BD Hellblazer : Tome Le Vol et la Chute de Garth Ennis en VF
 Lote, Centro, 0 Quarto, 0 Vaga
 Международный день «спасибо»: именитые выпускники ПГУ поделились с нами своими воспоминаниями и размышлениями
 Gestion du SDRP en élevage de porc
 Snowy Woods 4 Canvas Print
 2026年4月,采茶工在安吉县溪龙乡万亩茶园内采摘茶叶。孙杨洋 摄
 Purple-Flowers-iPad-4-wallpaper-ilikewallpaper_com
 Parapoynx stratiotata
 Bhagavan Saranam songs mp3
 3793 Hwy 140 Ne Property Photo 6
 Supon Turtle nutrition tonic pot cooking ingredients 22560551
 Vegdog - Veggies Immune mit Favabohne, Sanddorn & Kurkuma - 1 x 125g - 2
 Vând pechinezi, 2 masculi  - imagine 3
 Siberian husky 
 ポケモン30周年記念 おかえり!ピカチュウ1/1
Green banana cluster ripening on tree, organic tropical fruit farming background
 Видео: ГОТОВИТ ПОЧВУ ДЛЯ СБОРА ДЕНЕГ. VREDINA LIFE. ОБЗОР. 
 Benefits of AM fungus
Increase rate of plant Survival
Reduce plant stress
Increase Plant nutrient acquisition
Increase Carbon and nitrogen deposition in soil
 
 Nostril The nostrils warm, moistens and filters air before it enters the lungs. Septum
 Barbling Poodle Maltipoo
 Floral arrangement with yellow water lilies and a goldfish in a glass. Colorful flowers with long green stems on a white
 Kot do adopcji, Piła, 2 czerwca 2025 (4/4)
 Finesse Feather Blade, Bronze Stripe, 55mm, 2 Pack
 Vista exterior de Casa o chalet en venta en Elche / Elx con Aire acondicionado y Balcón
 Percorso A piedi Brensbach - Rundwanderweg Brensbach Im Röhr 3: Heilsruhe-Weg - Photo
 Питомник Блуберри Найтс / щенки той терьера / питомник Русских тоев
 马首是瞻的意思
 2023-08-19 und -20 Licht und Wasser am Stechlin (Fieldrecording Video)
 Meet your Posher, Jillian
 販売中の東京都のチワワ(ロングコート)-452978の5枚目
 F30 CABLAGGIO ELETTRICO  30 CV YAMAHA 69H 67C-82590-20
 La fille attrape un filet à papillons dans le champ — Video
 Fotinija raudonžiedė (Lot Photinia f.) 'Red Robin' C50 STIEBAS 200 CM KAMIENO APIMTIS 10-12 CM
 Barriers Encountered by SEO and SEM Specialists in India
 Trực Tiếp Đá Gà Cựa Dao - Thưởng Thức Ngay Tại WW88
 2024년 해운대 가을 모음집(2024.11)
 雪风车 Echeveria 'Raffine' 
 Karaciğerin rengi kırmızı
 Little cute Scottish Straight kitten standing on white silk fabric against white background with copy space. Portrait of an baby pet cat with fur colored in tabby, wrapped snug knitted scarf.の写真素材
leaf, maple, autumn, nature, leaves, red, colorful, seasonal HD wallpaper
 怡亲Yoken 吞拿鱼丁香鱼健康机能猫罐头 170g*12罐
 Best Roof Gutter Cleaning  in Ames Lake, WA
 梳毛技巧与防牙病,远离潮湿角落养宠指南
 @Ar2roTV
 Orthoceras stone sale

--- TASK STATEMENT ---
Each line above needs to be returned exactly as it is.

--- REPLY TO THE TASK ---
BD Hellblazer : Tome Le Vol et la Chute de Garth Ennis en VF
 Lote, Centro, 0 Quarto, 0 Vaga
 Международный день «спасибо»: именитые выпускники ПГУ поделились с нами своими воспоминаниями и размышлениями
 Gestion du SDRP en élevage de porc
 Snowy Woods 4 Canvas Print
 2026年4月,采茶工在安吉县溪龙乡万亩茶园内采摘茶叶。孙杨洋 摄
 Purple-Flowers-iPad-4-wallpaper-ilikewallpaper_com
 Parapoynx stratiotata
 Bhagavan Saranam songs mp3
 3793 Hwy 140 Ne Property Photo 6
 Supon Turtle nutrition tonic pot cooking ingredients 22560551
 Vegdog - Veggies Immune mit Favabohne, Sanddorn & Kurkuma - 1 x 125g - 2
 Vând pechinezi, 2 masculi  - imagine 3
 Siberian husky 
 ポケモン30周年記念 おかえり!ピカチュウ1/1
Green banana cluster ripening on tree, organic tropical fruit farming background
 Видео: ГОТОВИТ ПОЧВУ ДЛЯ СБОРА ДЕНЕГ. VREDINA LIFE. ОБЗОР. 
 Benefits of AM fungus
Increase rate of plant Survival
Reduce plant stress
Increase Plant nutrient acquisition
Increase Carbon and nitrogen deposition in soil
 
 Nostril The nostrils warm, moistens and filters air before it enters the lungs. Septum
 Barbling Poodle Maltipoo
 Floral arrangement with yellow water lilies and a goldfish in a glass. Colorful flowers with long green stems on a white
 Kot do adopcji, Piła, 2 czerwca 2025 (4/4)
 Finesse Feather Blade, Bronze Stripe, 55mm, 2 Pack
 Vista exterior de Casa o chalet en venta en Elche / Elx con Aire acondicionado y Balcón
 Percorso A piedi Brensbach - Rundwanderweg Brensbach Im Röhr 3: Heilsruhe-Weg - Photo
 Питомник Блуберри Найтс / щенки той терьера / питомник Русских тоев
 马首是瞻的意思
 2023-08-19 und -20 Licht und Wasser am Stechlin (Fieldrecording Video)
 Meet your Posher, Jillian
 販売中の東京都のチワワ(ロングコート)-452978の5枚目
 F30 CABLAGGIO ELETTRICO  30 CV YAMAHA 69H 67C-82590-20
 La fille attrape un filet à papillons dans le champ — Video
 Fotinija raudonžiedė (Lot Photinia f.) 'Red Robin' C50 STIEBAS 200 CM KAMIENO APIMTIS 10-12 CM
 Barriers Encountered by SEO and SEM Specialists in India
 Trực Tiếp Đá Gà Cựa Dao - Thưởng Thức Ngay Tại WW88
 2024년 해운대 가을 모음집(2024.11)
 雪风车 Echeveria 'Raffine' 
 Karaciğerin rengi kırmızı
 Little cute Scottish Straight kitten standing on white silk fabric against white background with copy space. Portrait of an baby pet cat with fur colored in tabby, wrapped snug knitted scarf.の写真素材
leaf, maple, autumn, nature, leaves, red, colorful, seasonal HD wallpaper
 怡亲Yoken 吞拿鱼丁香鱼健康机能猫罐头 170g*12罐
 Best Roof Gutter Cleaning  in Ames Lake, WA
 梳毛技巧与防牙病,远离潮湿角落养宠指南
 @Ar2roTV
 Orthoceras stone sale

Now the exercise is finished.